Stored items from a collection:

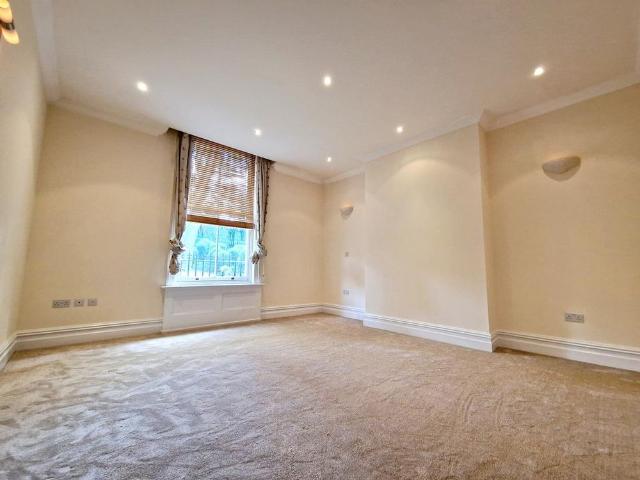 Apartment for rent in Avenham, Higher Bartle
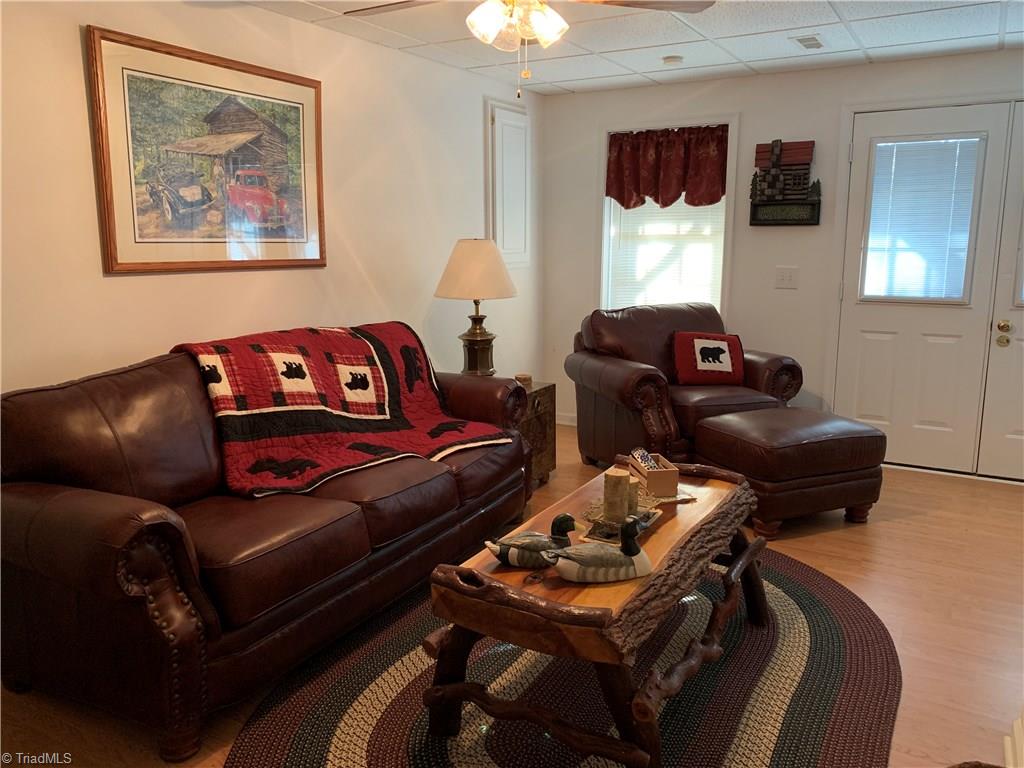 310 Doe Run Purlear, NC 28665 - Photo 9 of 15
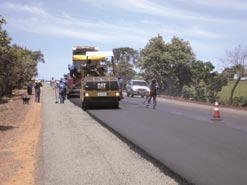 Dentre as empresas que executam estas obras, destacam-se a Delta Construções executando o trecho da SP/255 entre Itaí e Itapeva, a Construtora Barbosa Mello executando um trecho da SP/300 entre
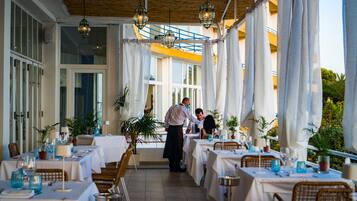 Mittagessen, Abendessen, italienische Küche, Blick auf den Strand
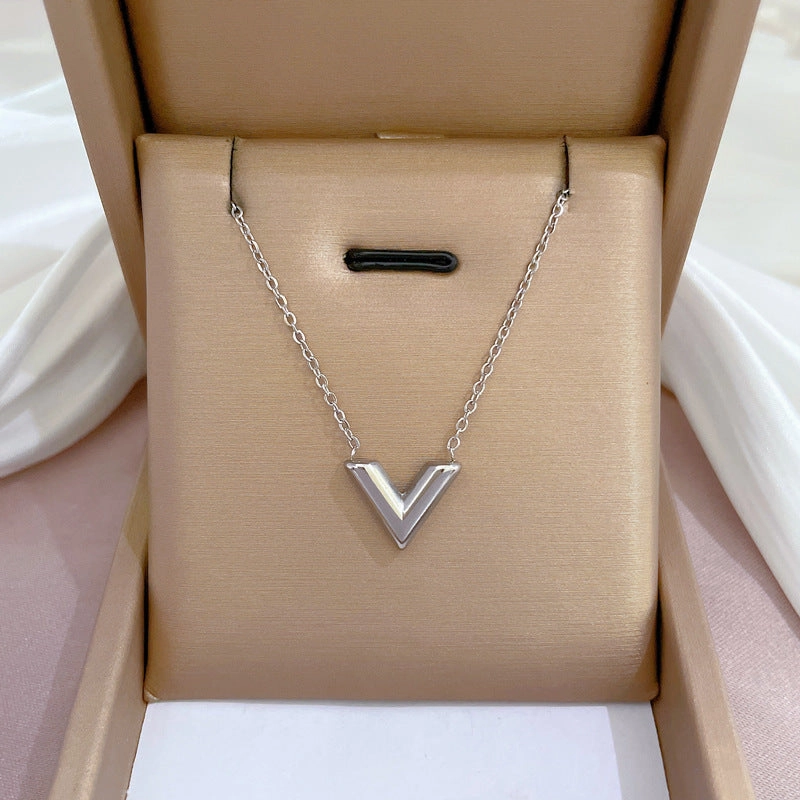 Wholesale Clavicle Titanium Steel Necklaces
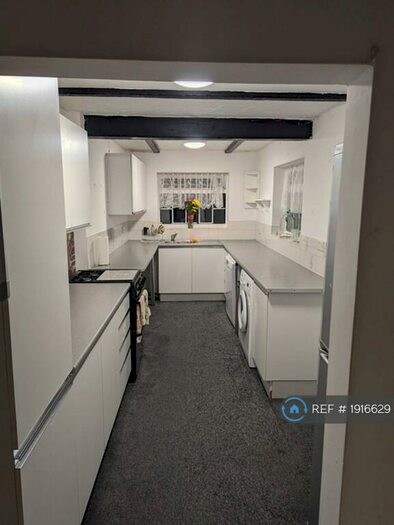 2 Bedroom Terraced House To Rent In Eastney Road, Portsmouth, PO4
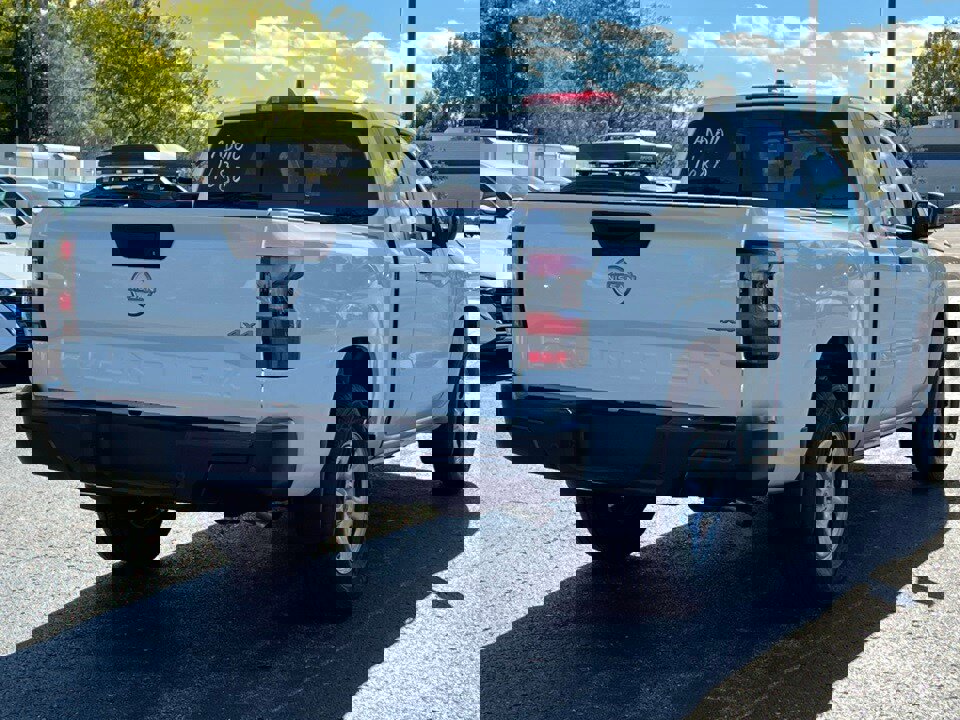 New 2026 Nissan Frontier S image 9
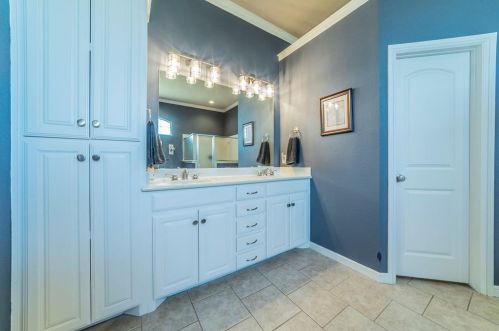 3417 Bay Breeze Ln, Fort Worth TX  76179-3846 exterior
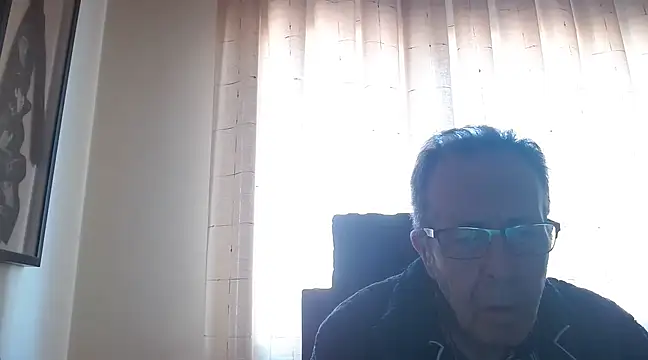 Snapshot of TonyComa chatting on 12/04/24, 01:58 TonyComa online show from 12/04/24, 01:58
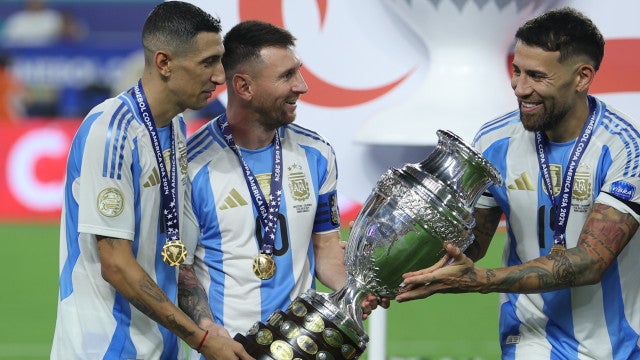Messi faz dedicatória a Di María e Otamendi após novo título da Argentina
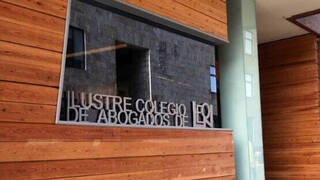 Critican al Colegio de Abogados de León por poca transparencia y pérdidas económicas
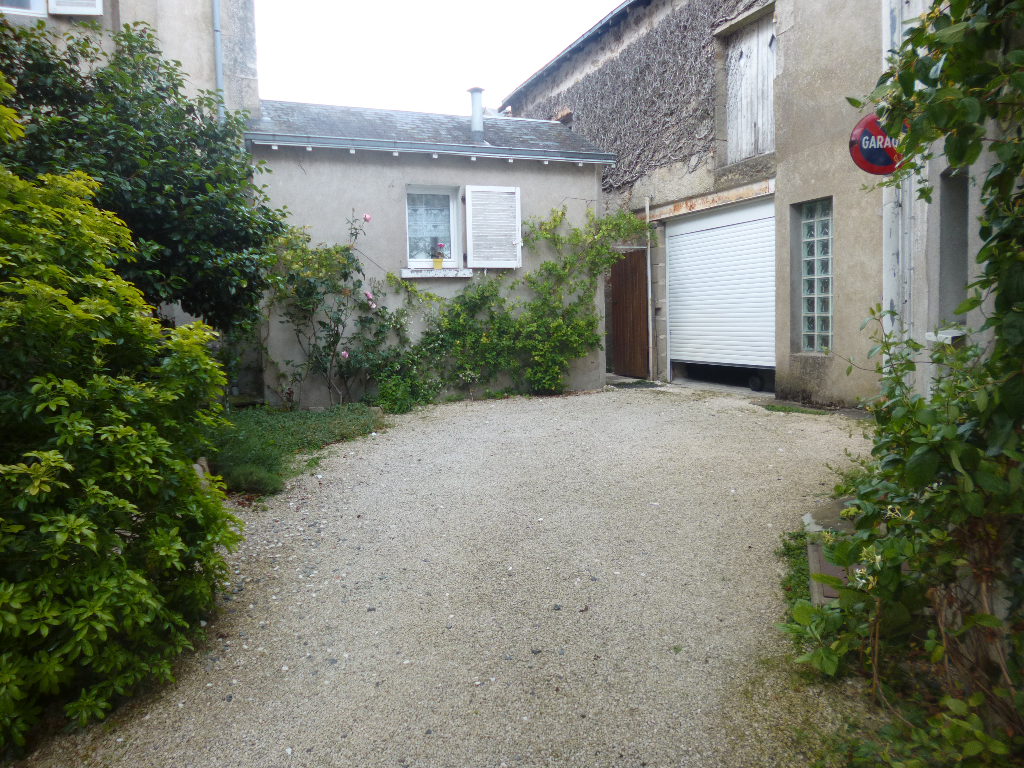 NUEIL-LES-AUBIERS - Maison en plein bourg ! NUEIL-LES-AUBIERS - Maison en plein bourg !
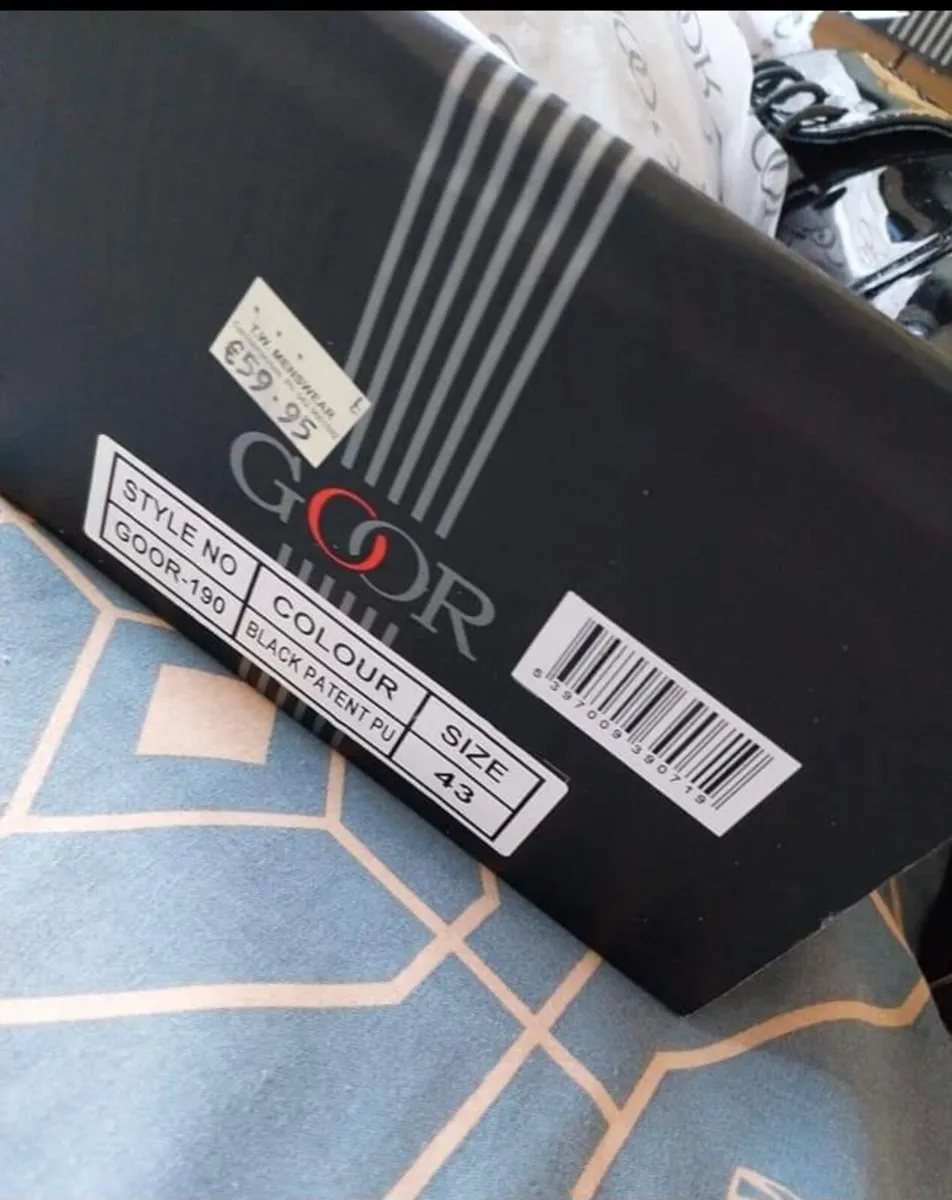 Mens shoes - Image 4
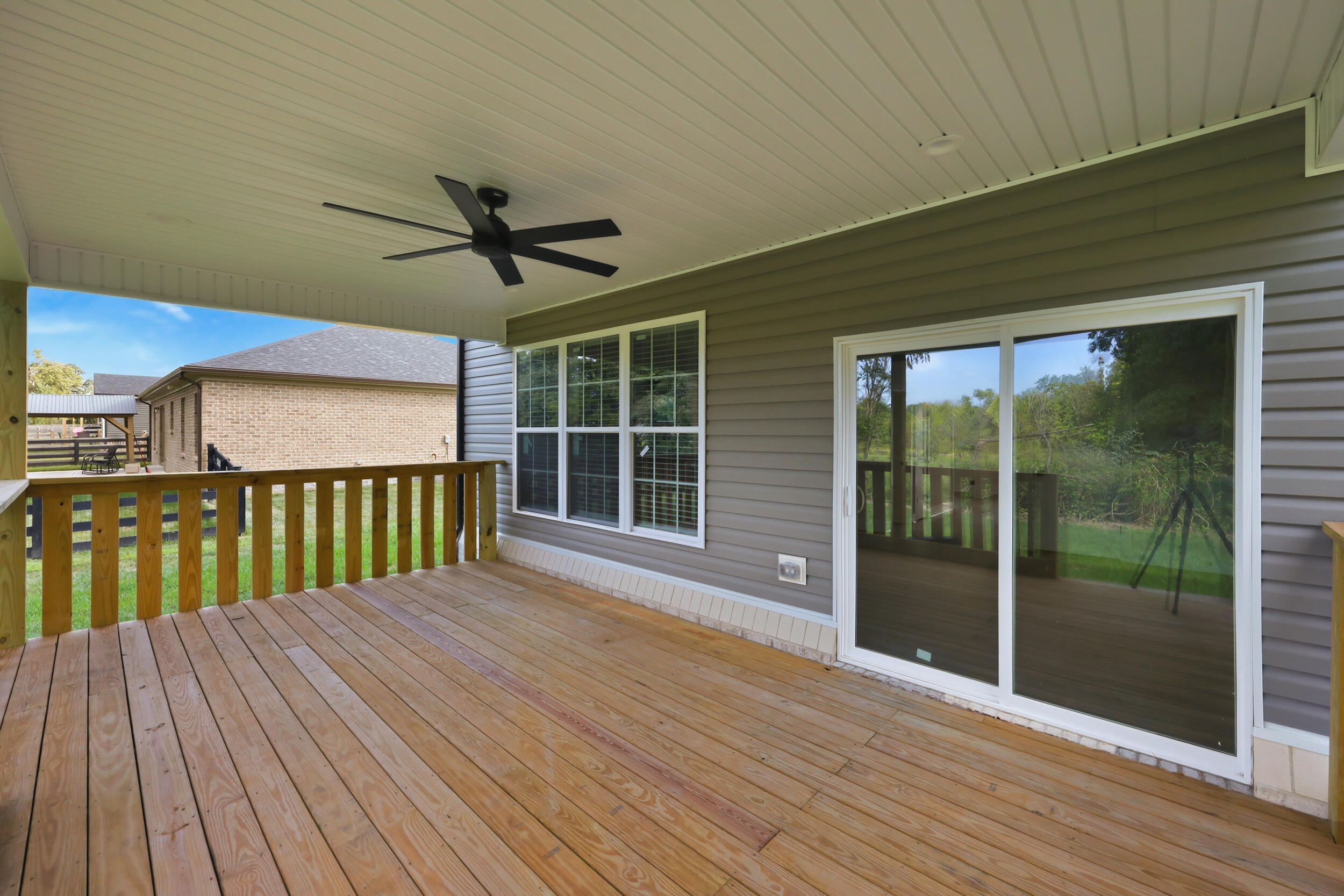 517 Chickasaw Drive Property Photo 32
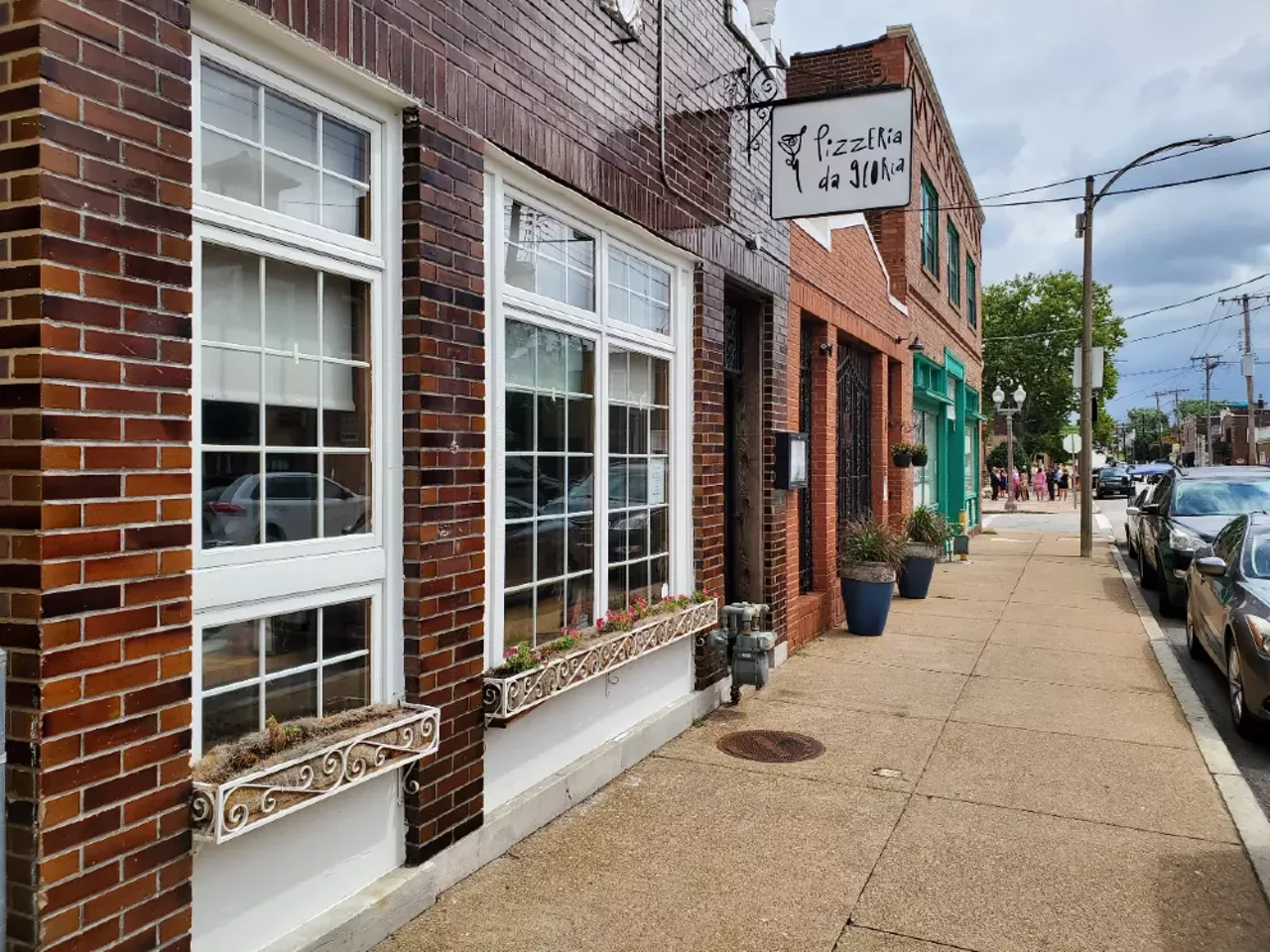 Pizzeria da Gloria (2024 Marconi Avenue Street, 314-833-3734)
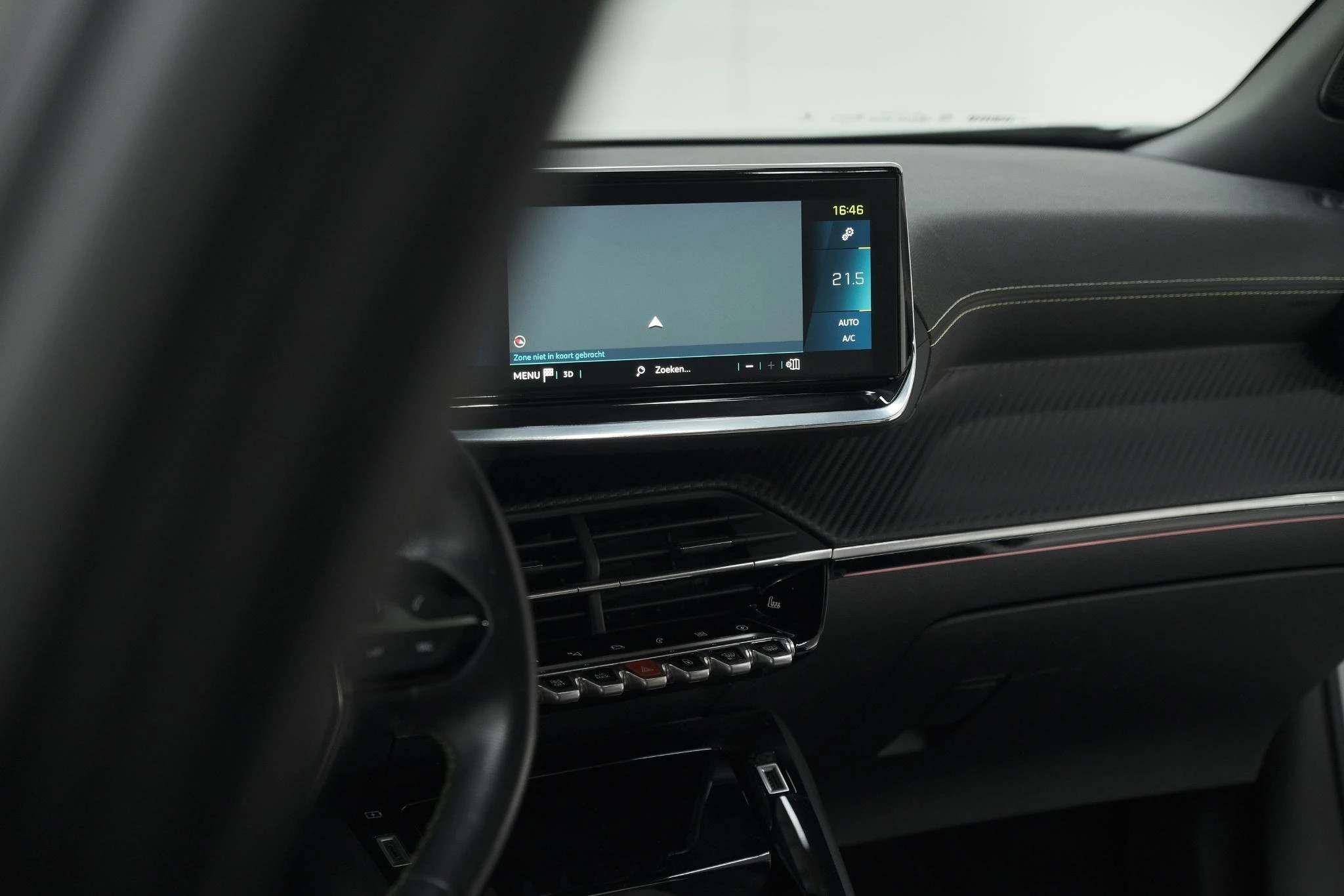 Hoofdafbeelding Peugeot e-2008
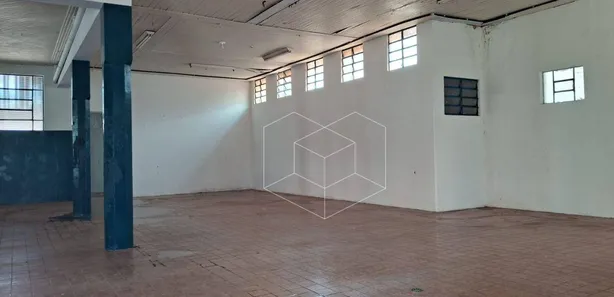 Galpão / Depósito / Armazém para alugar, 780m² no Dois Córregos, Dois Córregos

_GOAL OF THE EXERCISE_
With pictures omitted, reproduce exactly the lines from the line containing "Messi faz dedicatória" through the end of the data above.

_EXERCISE SOLUTION_
Messi faz dedicatória a Di María e Otamendi após novo título da Argentina
 Critican al Colegio de Abogados de León por poca transparencia y pérdidas económicas
 NUEIL-LES-AUBIERS - Maison en plein bourg ! NUEIL-LES-AUBIERS - Maison en plein bourg !
 Mens shoes - Image 4
 517 Chickasaw Drive Property Photo 32
 Pizzeria da Gloria (2024 Marconi Avenue Street, 314-833-3734)
 Hoofdafbeelding Peugeot e-2008
 Galpão / Depósito / Armazém para alugar, 780m² no Dois Córregos, Dois Córregos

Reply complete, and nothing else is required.